本文以2001年Ms8.1级地震为例,以GPS观测形变为约束,通过有限元数值模拟,解释GPS所观测的震后形变表现出较为奇特的区域特征。用数值模拟结合网格搜索法确定了羌塘块体和柴达木盆地下地壳的粘滞系数分别约为5.0×10~(17)Pa.s,9.0×10~(18)pa.s相差十余倍。正是由于昆仑断裂带南北两侧下地壳粘滞系数的这十余倍的差异引起了断层两侧震后形变格局明显不同,这也可能是羌塘块体和柴达木盆地表现为不同现代地壳运动的直接原因。与此同时,本文还通过数值模拟定性地讨论了断层北侧地表形变在震后短期内转向的现象。我们发现,对于靠近断裂附近的测点上的形变转向也许是粘弹性松弛和孔隙流体调整共同作用的结果,而单独的粘弹性松弛或者孔隙流体调整不能引起这种转向。所以在分析短期震后形变时综合考虑粘弹—松弛介质物性和孔隙流体调整很有必要。
本文探讨了震后不同时间尺度的形变机理问题。研究表明,简单的粘弹介质模型(Maxwell体)不能同时解释震后短期和长期的形变过程,该模型表现出对同一地震同一地区而言,使用震后不同时期内形变资料,将得到不同的介质粘滞性质。本文证明了。以Burgers体为粘弹介质模型可以较好地解决使用Maxwell体等简单的粘弹介质模型所不能解释的震后形变过程随时间变化的问题,即模拟预测表现出来的震后短期和长期形变不协调的现象。通过数值模拟分析了1960年Mw9.5级智利地震震后形变过程,较成功地解释了该强烈地震震后短期和长期形变观测数据。
本文的研究表明,以观测地表形变为约束,结合实际地质条件,选取合理的介质物性模型,构建有限元模型的框架,利用有限元数值模拟的方法,研究强地震形变过程和规律,是分析了以介质物性为中心的强地震区域的环境动力学特征的有效方法。
The coseismic and postseismic deformation observed by GPS and InSAR is used as the constraints in displacement of numerical simulation. We can learn more information about the regional geodynamic environment by the calculation and the geological condition and then research the some geological processes, such as, the gestation earthquake and dynamic evolution in crust. In this paper, we get the virtual work equations of FEPG (Finite Element Program Generator) on the base of viscoelastic, poroelastic and poro-viscoelastic constitutive relationship.

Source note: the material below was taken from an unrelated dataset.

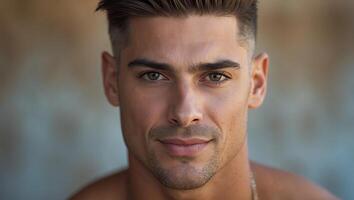 Portrait of a confident young man with striking features and a charming smile in a natural setting photo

We calculate the coseismic and postseismic deformation using FEM. We use the GPS data of crust deformation as the constraints and obtain different Fortran programs of different questions by FEPG, and study the role of physical characters in regional geodynamic behavior.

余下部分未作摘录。